Christianity in the Middle East

 
At First Things, Peter J Leithart has made some interesting observations about the state of Christianity in the Middle East. Once the heartland of the Christian faith, this area of the globe has been a hard place for a Christian to live in the last 50 years or so.  Just read the list provided by Leithart:

“According to Walter Russell Mead, more than half of the Christians in Iraq have fled the country since 2003. Today it’s happening in Syria. Swedish journalist Nuri Kino reports on a ‘silent exodus of Christians from Syria’ in the face of ‘kidnappings and rapes.’ It’s a regional trend. Two years ago Caroline Glick reported that ‘at the time of Lebanese independence from France in 1946 the majority of Lebanese were Christians. Today less than 30 percent of Lebanese are Christians. In Turkey, the Christian population has dwindled from 2 million at the end of World War I to less than 100,000 today. In Syria, at the time of independence Christians made up nearly half of the population. Today 4 percent of Syrians are Christian. In Jordan half a century ago 18 percent of the population was Christian. Today 2 percent of Jordanians are Christian.’” This is sad reading, especially when you consider that the reason for this collapse in the native Christian numbers is largely due to persecution.  However, these were not the interesting observations that I wished to highlight. Unfortunately, reports of Christians fleeing countries where the belief in the resurrection of Christ has been around for two thousand years are all too commonplace nowadays. What was interesting was the other half of the story that Leithart identifies: that of Muslim conversion in the Middle East to Christianity.

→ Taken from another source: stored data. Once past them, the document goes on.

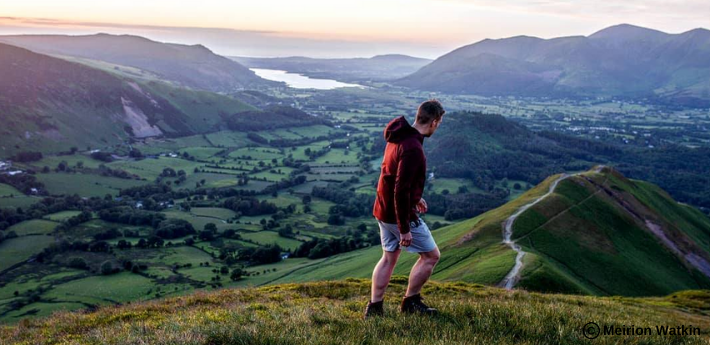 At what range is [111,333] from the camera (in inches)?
440

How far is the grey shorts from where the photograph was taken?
12.0 m

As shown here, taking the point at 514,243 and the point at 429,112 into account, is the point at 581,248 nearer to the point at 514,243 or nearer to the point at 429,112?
the point at 514,243

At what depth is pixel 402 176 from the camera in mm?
11367

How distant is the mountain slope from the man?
26.7 metres

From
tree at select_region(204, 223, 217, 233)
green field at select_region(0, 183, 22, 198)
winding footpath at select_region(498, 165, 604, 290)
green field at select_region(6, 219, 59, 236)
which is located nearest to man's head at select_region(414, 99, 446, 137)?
winding footpath at select_region(498, 165, 604, 290)

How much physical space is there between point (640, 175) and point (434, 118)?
8079 inches

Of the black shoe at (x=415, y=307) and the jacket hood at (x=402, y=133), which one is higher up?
the jacket hood at (x=402, y=133)

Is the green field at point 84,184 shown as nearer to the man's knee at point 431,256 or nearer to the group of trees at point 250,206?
the group of trees at point 250,206

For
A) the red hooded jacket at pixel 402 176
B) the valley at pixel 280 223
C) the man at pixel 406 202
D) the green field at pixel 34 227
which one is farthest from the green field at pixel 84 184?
the red hooded jacket at pixel 402 176

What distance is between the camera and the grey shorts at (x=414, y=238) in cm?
1198

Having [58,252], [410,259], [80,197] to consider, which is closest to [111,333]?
[410,259]

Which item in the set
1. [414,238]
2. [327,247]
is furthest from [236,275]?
[414,238]

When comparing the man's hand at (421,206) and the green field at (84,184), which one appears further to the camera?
the green field at (84,184)

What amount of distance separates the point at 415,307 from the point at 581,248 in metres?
46.0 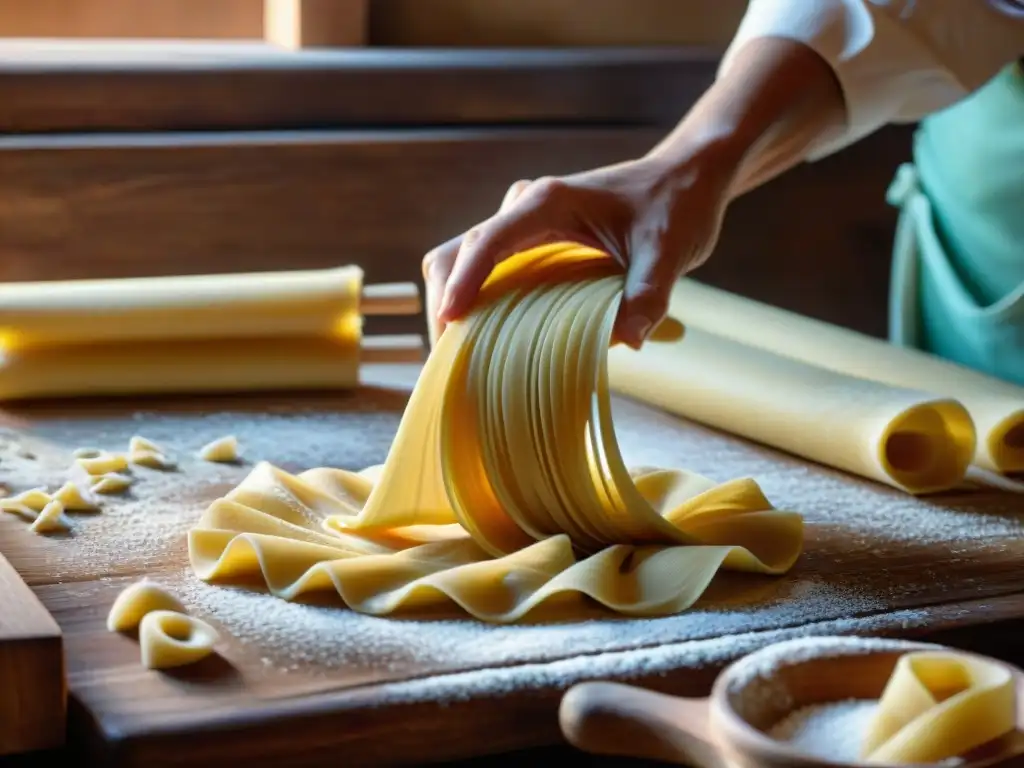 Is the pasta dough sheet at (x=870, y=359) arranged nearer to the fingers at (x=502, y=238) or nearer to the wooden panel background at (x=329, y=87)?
the wooden panel background at (x=329, y=87)

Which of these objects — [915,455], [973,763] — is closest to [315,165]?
[915,455]

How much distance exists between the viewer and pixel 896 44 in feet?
5.49

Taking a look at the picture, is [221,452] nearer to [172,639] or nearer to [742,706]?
[172,639]

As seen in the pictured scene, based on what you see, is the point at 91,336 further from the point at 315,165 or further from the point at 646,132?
the point at 646,132

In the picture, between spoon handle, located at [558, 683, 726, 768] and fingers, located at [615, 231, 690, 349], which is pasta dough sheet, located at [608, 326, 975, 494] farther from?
spoon handle, located at [558, 683, 726, 768]

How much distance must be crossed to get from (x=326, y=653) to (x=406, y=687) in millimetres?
89

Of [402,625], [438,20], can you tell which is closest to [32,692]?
[402,625]

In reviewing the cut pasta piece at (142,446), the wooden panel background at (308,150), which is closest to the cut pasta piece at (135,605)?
the cut pasta piece at (142,446)

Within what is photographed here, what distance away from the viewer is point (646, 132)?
246cm

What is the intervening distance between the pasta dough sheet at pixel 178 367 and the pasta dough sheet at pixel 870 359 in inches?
21.1

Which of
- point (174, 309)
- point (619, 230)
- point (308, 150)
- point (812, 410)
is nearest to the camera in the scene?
point (619, 230)

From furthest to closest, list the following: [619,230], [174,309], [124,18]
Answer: [124,18] < [174,309] < [619,230]

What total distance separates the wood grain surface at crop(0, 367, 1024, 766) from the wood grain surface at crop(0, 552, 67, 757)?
0.02 meters

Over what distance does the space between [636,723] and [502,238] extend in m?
0.63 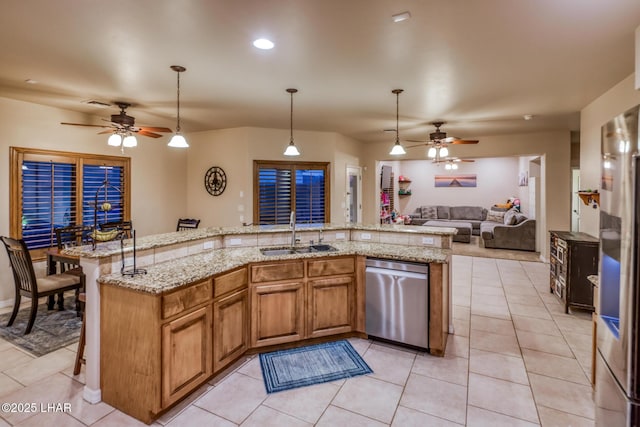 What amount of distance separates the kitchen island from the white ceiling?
64.8 inches

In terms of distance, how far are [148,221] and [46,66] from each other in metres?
3.26

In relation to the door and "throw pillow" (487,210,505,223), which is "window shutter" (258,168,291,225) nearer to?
the door

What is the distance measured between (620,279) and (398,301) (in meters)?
1.72

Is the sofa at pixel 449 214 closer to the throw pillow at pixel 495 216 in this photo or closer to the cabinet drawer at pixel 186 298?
the throw pillow at pixel 495 216

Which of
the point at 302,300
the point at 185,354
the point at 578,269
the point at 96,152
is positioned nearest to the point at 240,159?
the point at 96,152

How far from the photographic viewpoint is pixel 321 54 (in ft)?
9.59

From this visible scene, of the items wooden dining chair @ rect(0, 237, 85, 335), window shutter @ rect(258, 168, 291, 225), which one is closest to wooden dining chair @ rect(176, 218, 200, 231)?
window shutter @ rect(258, 168, 291, 225)

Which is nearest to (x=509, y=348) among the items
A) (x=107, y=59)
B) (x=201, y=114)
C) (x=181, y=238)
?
(x=181, y=238)

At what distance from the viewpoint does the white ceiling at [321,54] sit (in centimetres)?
222

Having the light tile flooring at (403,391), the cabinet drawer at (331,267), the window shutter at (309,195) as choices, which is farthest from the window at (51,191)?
the window shutter at (309,195)

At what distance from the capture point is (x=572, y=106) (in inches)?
181

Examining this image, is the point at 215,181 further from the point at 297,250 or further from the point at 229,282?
the point at 229,282

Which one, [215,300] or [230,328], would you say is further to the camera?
[230,328]

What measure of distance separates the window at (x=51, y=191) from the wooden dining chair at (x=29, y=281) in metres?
0.88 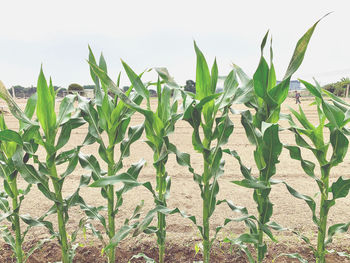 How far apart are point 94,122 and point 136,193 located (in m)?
1.83

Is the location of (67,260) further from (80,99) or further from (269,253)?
(269,253)

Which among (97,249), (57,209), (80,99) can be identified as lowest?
(97,249)

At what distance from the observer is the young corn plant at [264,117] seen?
1.50 metres

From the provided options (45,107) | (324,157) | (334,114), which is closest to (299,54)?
(334,114)

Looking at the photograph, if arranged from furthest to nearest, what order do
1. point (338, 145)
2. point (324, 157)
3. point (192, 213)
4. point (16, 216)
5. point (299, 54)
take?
point (192, 213) → point (16, 216) → point (324, 157) → point (338, 145) → point (299, 54)

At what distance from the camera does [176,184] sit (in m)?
3.79

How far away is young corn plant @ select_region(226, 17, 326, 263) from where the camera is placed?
1.50m

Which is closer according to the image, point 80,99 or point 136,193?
point 80,99

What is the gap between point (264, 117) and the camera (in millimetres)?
1669

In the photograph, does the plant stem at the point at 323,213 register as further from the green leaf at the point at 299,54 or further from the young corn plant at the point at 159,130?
the young corn plant at the point at 159,130

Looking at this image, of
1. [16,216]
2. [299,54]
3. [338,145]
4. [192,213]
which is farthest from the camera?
[192,213]

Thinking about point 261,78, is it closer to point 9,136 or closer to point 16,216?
point 9,136

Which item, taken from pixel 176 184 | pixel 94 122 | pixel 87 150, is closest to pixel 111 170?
pixel 94 122

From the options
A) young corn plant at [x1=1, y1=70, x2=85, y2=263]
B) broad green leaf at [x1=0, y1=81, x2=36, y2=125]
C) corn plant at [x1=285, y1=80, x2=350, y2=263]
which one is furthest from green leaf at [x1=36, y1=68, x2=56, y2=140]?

“An Iranian dissident told [Joel] Rosenberg that there may be as many as 4.5 million converts in Iran. New Testaments and other Christian literature have flooded Iran, and Iraqi pastors cannot keep up with the demand for Christian books and pamphlets. Out of the carnage of Sudan, as many as a million have become Christians since 2000. By 2005, there were reportedly 100,000 Christian converts in Saudi Arabia. Because of vicious persecution, it is impossible to tell how many Christians there are in Afghanistan, but some have estimated as many as 20-30,000, and there is a similar number in Uzbekistan, a country that twenty-five years ago had only a handful of believers. Accurate numbers are difficult to find and more difficult to confirm, but even if these are inflated, there’s little doubt that something remarkable is happening.” This has not gone unnoticed in the Muslim world:

“The trend is alarming enough to provoke a reaction from Islamic regimes. Ahmad Al Qataani startled a journalist in a December 2001 interview by saying that “every hour, 667 Muslims convert to Christianity. Every day, 16,000 Muslims convert to Christianity. Every year, 6 million Muslims convert to Christianity.” In 2004, a Shiite apologist, Hasan Mohammadi, was sent out to high school students to preserve their faith, since “on average every day, fifty Iranian girls and boys convert secretly to Christian denominations in our country.” Mahmoud Ahmadinejad has vowed to stop Christianity’s spread in Iran, and under his watch Christian leaders have been kidnapped and murdered.” Go and read the full story and see some of the reasons that Leithart identifies for these conversions. The one thing that is lacking is any statistics or analysis of the denominations that are proving most successful in these countries. While no one is suggesting that Syria and Egypt of the fourth century are going to reappear, stories like this do give one to pause. From my position of external ignorance I subconsciously tend to view Islam as a monolithic bloc, perhaps even unchanging. This is not the case – there is change and movement within Muslim countries. Despite persecutions and violence against Christians, some brave Muslims are not afraid to convert. Furthermore, it does help to correct the view that Christianity is mainly a Western, white religion. (This is something that commentators routinely forget in the West.) Actually the demography of Christianity has changed remarkably in the last few hundred years, is continuing to change at this moment and will continue to change in the future. Perhaps we will live to see a Nigerian Archbishop of Canterbury? Or another Syrian Pope?